Last month I asked for recommendations for graph layout tools. Thanks to everyone who suggested something! I've now finished the task I wanted them for, so have some pretty (ish) pictures.

In the end, I didn't use anything more complicated than Dotty, and I didn't even use Dotty on the _full_ version of either of my graphs. I was able to condense each graph to a simpler one by merging sets of vertices that had some semantic properties in common; then I used Dotty to lay out _those_ graphs (essentially using it like Untangle, but easier to remember which vertex was which), and then I did the manual layout of the full graph by re-expanding each vertex into a cluster of nearby ones and moving things about until everything fitted. So in the final layout, related vertices are grouped together, which shows something of the structure of each diagram.

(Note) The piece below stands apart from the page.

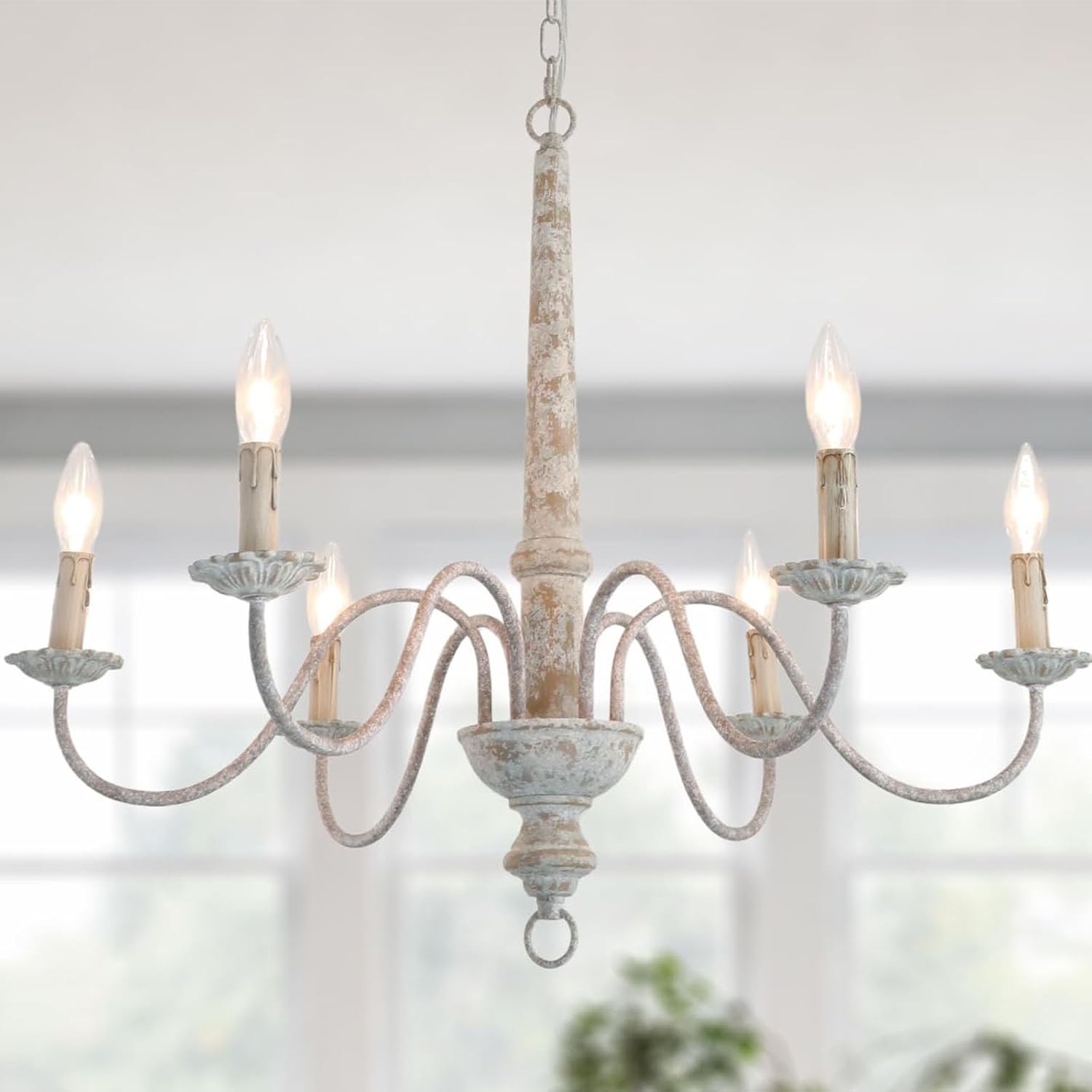 6-Light French Country Chandelier Farmhouse Rustic Distressed Wood Chandelier Vintage Modern Candle Style Wooden Metal Chandeliers for Dining Room, Living Room, Kitchen Island, Bedroom, E12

That wasn't at all what I'd _expected_ to do. I had hoped to illustrate the relations between vertices by giving the whole graph symmetry, so that related vertices were images of each other in two reflective axes, or something similar. Clustering the related things together was a fallback option after that didn't go anywhere. But I think it ended up legible.

Just to show the difference, the third image in this post is essentially the same state machine as the second image – both are finite-state transducers for the Penrose P2 tiling using Robinson triangles. But the third image is how Graphviz laid it out when I let it do the whole job itself, for my 2024 blog post. However complicated you find my new hand-drawn version, I hope you'll at least agree that it's clearer than that!

simontatham@hachyderm.io

@spacehobo I'm afraid I didn't find the clusters by any automated procedure. I found them by knowing something about how I'd generated those graphs in the first place. I don't know of any software that would look for clusters of that kind automatically. It's an interesting thought, though!

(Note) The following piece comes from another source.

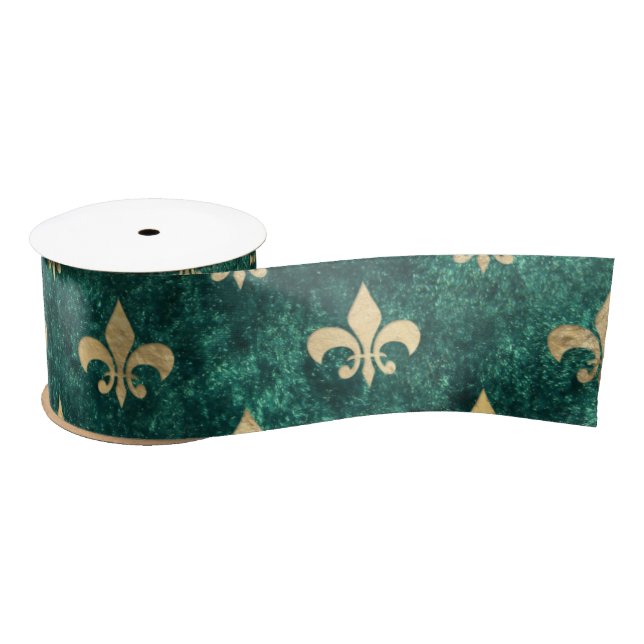Grunge Green Velvet Fleur De Lis Mardi Gras Satin Ribbon (Spool)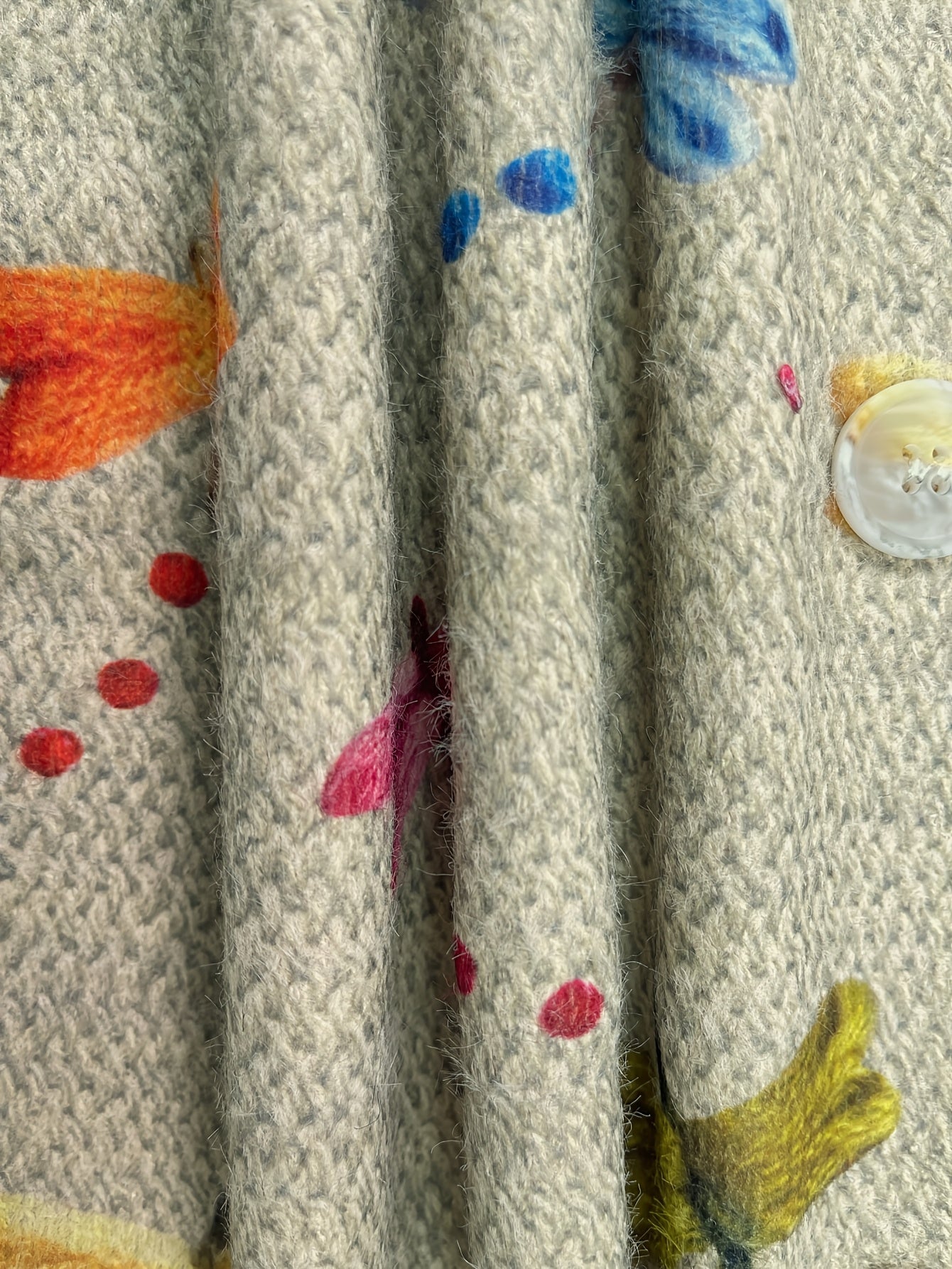 Plus Size Women's Printed Knitted Cardigan V-Neck Long Sleeve Colorful Dragonfly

In the first of my graphs here, the clusters are equivalence classes under two types of symmetry. The input to the state machine represents a pair of strings zipped together, symbolically describing adjacent tiles in a tiling (or rather, the machine tests _whether_ they could be adjacent). So the machine ought to be symmetric in swapping the two input strings. Also the symbols A,B,U,V represent the triangles you get by dividing Penrose kite and dart tiles in half along their line of symmetry, so there's a second symmetry in exchanging A↔B and U↔V. That gives natural groups of four vertices, except when things are fixed points of one or other transformation, or the two symmetries coincide.

In the second graph, there's only one input string, so I lost one of those symmetries – you can still exchange A↔B and U↔V, but you can't swap the inputs any more. But the second graph is the determinisation of the first, so each state corresponds to a set of states of the original graph, and I clustered states corresponding to the same set.